Data excerpts
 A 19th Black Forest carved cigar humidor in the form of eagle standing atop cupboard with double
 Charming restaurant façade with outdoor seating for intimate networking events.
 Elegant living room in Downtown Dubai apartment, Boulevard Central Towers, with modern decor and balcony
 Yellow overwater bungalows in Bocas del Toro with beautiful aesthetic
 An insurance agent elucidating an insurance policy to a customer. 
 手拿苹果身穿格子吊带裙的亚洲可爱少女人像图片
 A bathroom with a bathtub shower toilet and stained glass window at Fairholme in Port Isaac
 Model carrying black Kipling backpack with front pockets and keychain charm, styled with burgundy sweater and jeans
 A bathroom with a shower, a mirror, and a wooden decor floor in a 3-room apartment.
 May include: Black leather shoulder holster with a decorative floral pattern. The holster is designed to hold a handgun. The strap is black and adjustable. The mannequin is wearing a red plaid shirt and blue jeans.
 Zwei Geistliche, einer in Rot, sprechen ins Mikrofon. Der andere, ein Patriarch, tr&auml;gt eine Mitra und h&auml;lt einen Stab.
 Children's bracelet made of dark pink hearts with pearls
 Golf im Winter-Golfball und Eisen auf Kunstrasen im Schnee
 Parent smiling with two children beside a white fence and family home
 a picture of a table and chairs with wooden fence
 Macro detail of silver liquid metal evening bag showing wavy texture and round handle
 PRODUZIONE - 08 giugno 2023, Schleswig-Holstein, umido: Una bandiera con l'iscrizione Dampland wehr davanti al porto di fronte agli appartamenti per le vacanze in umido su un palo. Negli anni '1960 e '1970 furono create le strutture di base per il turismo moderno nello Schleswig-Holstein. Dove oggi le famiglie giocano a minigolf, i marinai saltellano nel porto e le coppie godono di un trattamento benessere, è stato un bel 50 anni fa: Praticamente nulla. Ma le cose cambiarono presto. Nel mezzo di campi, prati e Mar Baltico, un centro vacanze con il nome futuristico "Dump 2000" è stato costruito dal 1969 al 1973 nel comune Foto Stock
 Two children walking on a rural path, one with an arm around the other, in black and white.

Required work
Scan the lines above for "white", then copy every one that has it.

Output
 Parent smiling with two children beside a white fence and family home
 Two children walking on a rural path, one with an arm around the other, in black and white.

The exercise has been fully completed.